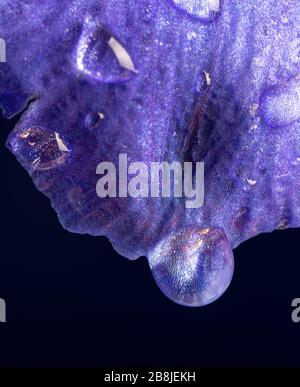 Closeup di goccia d'acqua appesa da petalo di petalo blu fiore larkspur su uno sfondo blu scuro Foto Stock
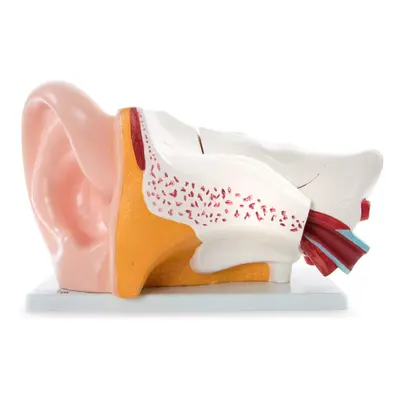 66fit Giant Ear Model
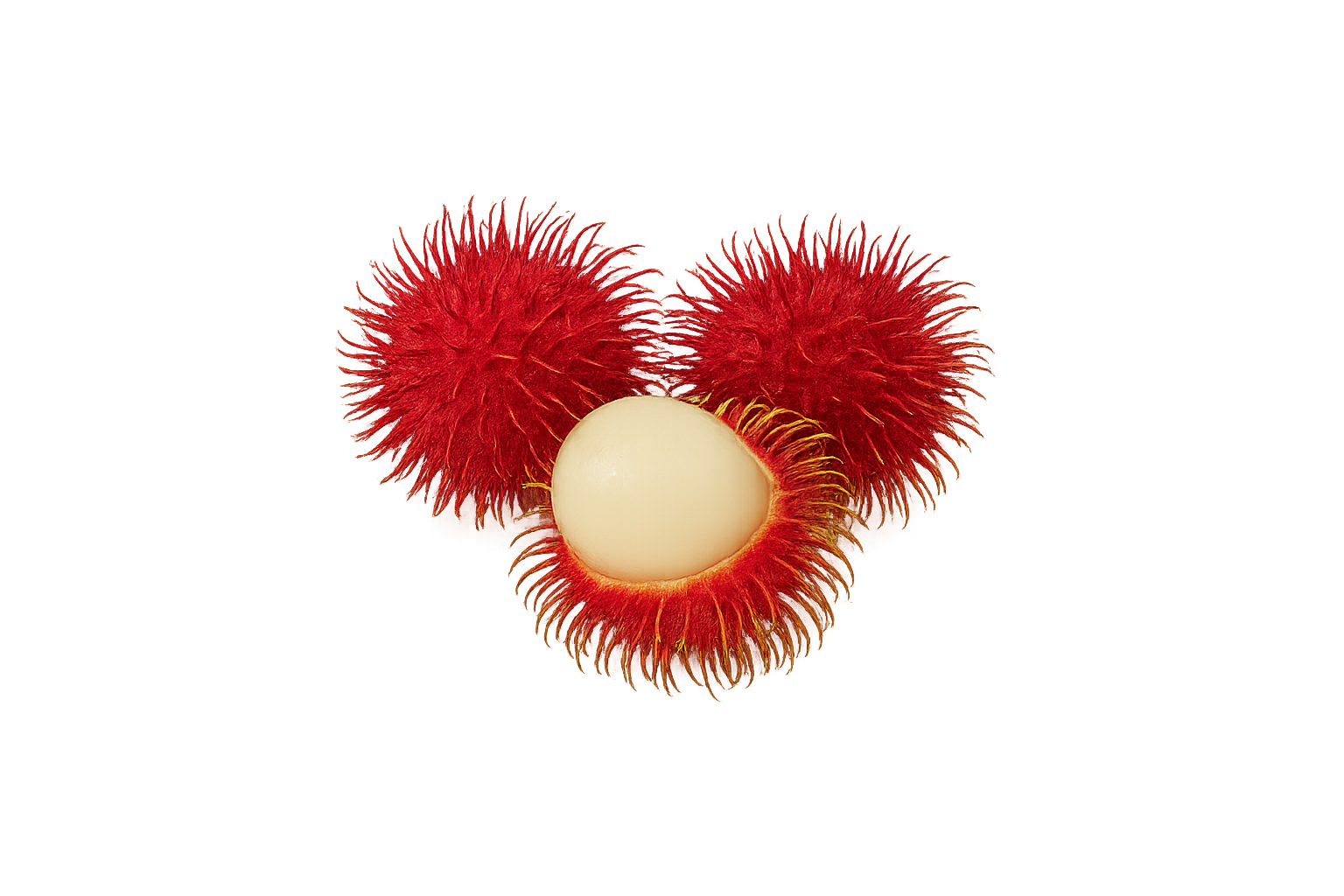 Rambutan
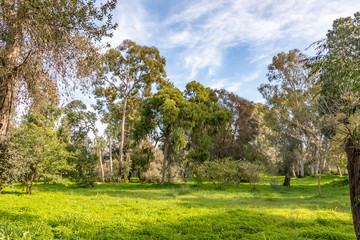 Eucalyptus trees on a sunny green lawn under a blue sky with clouds. Landscape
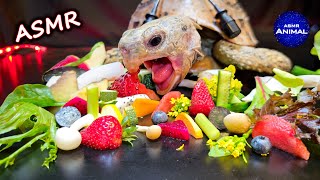 Satisfying ASMR Mukbang Eating Food 🐢 Turtle Tortoise 160 [upl. by Farica]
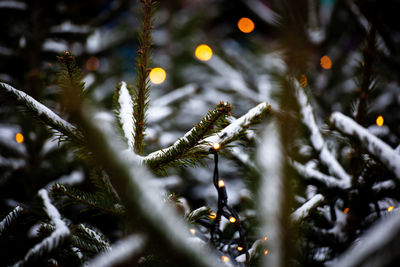 Close-up of frost on tree during winter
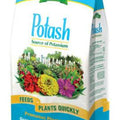 Espoma Greensand Potash Plant Food, 6 lb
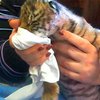 В Бердянском зоопарке родился тигренок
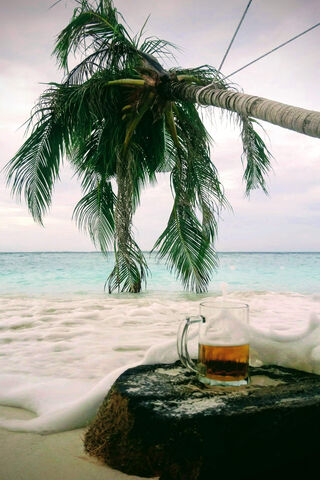 Tropical Bliss in the Maldives 🌴🍹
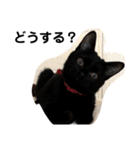 黒猫クミン（個別スタンプ：25）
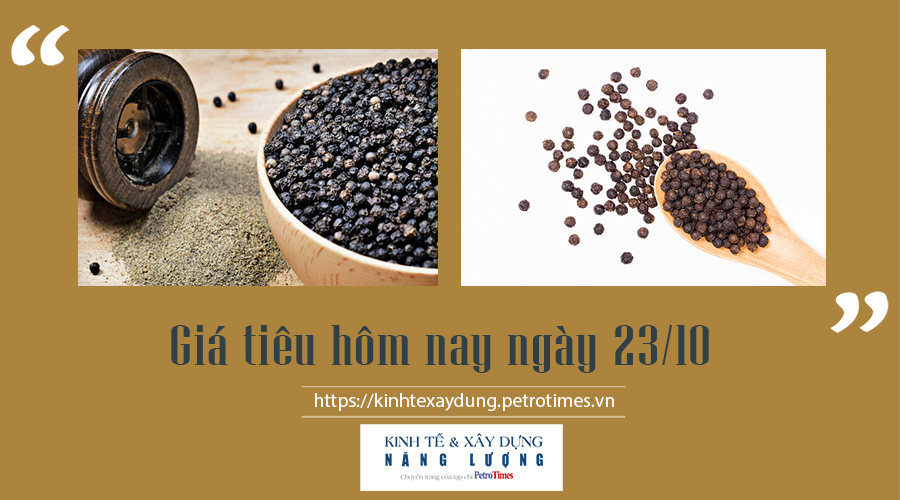 Giá tiêu hôm nay ngày 23/10: Trong nước tiếp tục giảm Giá tiêu hôm nay ngày 23/10: Trong nước tiếp tục giảm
* * * * *
- REQUIRED WORK
Give the lines again word for word, from the start of the records to the line holding "Close-up of frost on tree during winter", both included, and leave out any picture.

- RESULT OF THE TASK
 Closeup di goccia d'acqua appesa da petalo di petalo blu fiore larkspur su uno sfondo blu scuro Foto Stock
 66fit Giant Ear Model
 Rambutan
 Eucalyptus trees on a sunny green lawn under a blue sky with clouds. Landscape
 Satisfying ASMR Mukbang Eating Food 🐢 Turtle Tortoise 160 [upl. by Farica]
 Close-up of frost on tree during winter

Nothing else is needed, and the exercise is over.